ФЕДОР АЛЕКСАНДРОВИЧ АБРАМОВ
СОБАЧЬЯ ГОРДОСТЬ
Лет двадцать назад кто не клял районную глубинку, когда надо было выбраться в большой мир! Северянин клял вдвойне. Зимой — недельная мука на санях, в стужу, через кромешные ельники, чуть-чуть озаренные далекими мерцающими звездами. В засушливое лето — тоже не лучше. Мелководные, порожистые речонки, перепаханные весенним половодьем, пересыхают. Пароходик, отмахивающий три-четыре километра в час, постоянно садится на мель: дрожит, трется деревянным днищем о песок, до хрипоты кричит на весь район, взывая о помощи. И хорошо, если поблизости деревня, — тогда мужики, сжалившись, рано или поздно сдернут веревками, а если кругом безлюдье… Потому-то северяне больше полагались на собственную тягу. Батог в руки, котомку за плечи — и бредут, стар и млад, лесным бездорожьем, благо и ночлег под каждым кустом, и даровая ягода в приправу к сухарю. Не то сейчас… Я люблю наши сельские аэродромы. Людно — пассажир валит валом; иной раз торчишь день и два, с бессильной завистью наблюдая за вольным ястребом над пустынной площадкой летного поля: крутит себе, не связанный никакими причудами местного расписания… А все-таки хорошо! Пахнет лугом и лесом, бормочет река, оживляя в памяти полузабытые сказки детства…

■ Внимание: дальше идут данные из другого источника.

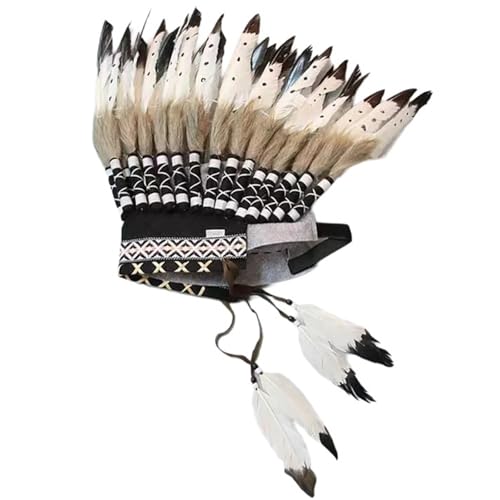 Pjeghbvop Indisches Kostüm, Stirnband für Karneval, Party, Festival, Requisiten, indischer Haarreif, Cosplay-Kopfschmuck Pjeghbvop Indisches Kostüm, Stirnband für Karneval, Party, Festival, Requisiten, indischer Haarreif, Cosplay-Kopfschmuck von Pjeghbvop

Так-то раз, в ожидании самолета, бродил я по травянистому берегу Пинеги, к которой приткнулся деревенский аэродром. День был теплый, солнечный. Пассажиры, великие в своем терпении, как истые северяне, коротали время по старинке. Кто, растянувшись, дремал в тени под кустом* кто резался в «дурака», кто, расположившись табором, нажимал на анекдоты. Вдруг меня окликнули. Я повернул голову и увидел человека в белой рубахе с расстегнутым воротом. Он лежал, облокотившись, в траве, под маленьким кустиком ивы, и смотрел на меня какими-то тоскливыми, измученными глазами. — Не узнаёшь? Человек поднялся, смущенно поправил помятую рубаху. Бледное, не тронутое загаром лицо его было страшно изуродовано: нос раздавлен, свернут в сторону, худые, впалые щеки, кое-где поросшие рыжеватой щетиной, стянуты рубцами… — Ну как же? Егора Тыркасова забыл… Бог ты мой! Егор Тыркасов… Да, мне приходилось слышать, что его помяла медведица, но… Просто не верилось, что этот вот худой, облысевший, как-то весь пришибленный человек — тот самый весельчак Егор, первый охотник в районе, которому я отчаянно завидовал в школьные годы. Жил тогда Егор по одной речке, на глухом выселке, километров за девяносто от ближайшей деревни. Леса по этой речке, пока еще не были вырублены, кишмя кишели зверем и птицей, а сама речка была забита рыбой. Каждую зиму, обычно под Новый год, Егор выезжал из своего логова, как он любил выражаться, в большой свет, то есть в райцентр. Никогда, бывало, не знаешь, когда он нагрянет. Вечер, ночь ли — вдруг грохот под окном: «Ставьте самовар!» — и вслед за тем в белом облаке заиндевевший, но неизменно улыбающийся Егор. И уезжал он так же неожиданно: загуляет, пропьется в пух и в прах — и поминай как звали. Только уж потом кто-нибудь скажет: «Егора вашего видели, домой попадает». — Да, брат, — сказал Егор, когда мы уселись под кустом, — с войны вернулся как стеклышко. Хоть бы царапнуло где. А тут медведица — будь она неладна…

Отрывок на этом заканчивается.